Repeat the data that follows verbatim. Images are not part of the copy.

Material for this exercise –

__________________________________________________

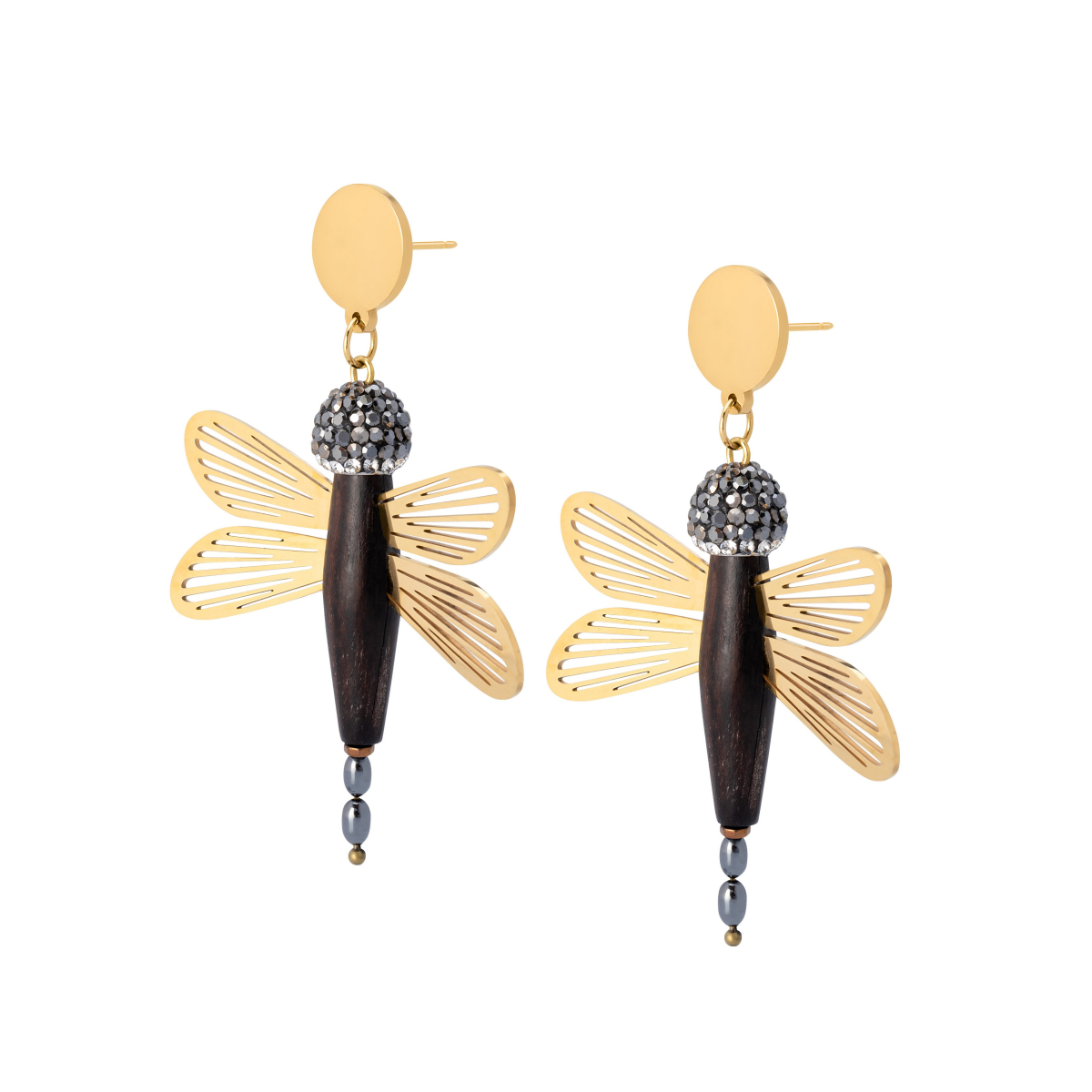 MAIA EBONY DRAGONFLY  EARRINGS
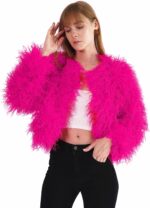 Women's Shaggy Faux Fur Outwear Coat Jacket Long Sleeve Warm Winter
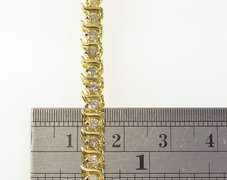 14K Yellow Gold 2.50 Ctw Diamond Inset Wavy Pattern Tennis Bracelet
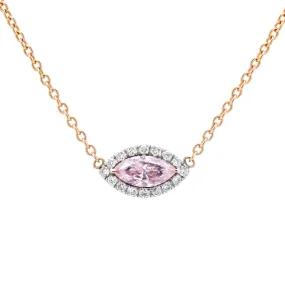 Fancy Light Pink Diamond Pendant, 0.50 Ct. TW, Marquise shape, GIA Certified,Pendant&Necklace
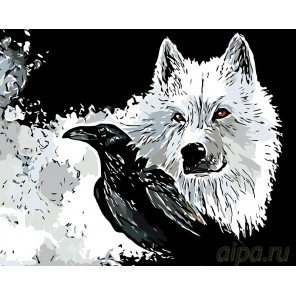 Схема Волк и ворон Раскраска по номерам на холсте Живопись по номерам A363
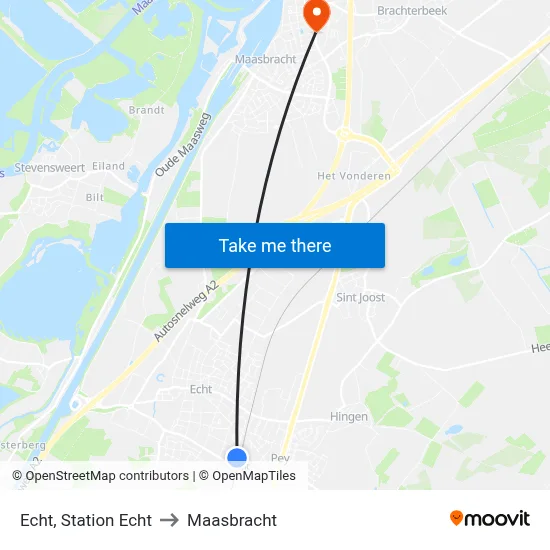 Echt, Station Echt to Maasbracht map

__________________________________________________

Result –
 MAIA EBONY DRAGONFLY  EARRINGS
 Women's Shaggy Faux Fur Outwear Coat Jacket Long Sleeve Warm Winter
 14K Yellow Gold 2.50 Ctw Diamond Inset Wavy Pattern Tennis Bracelet
 Fancy Light Pink Diamond Pendant, 0.50 Ct. TW, Marquise shape, GIA Certified,Pendant&Necklace
 Схема Волк и ворон Раскраска по номерам на холсте Живопись по номерам A363
 Echt, Station Echt to Maasbracht map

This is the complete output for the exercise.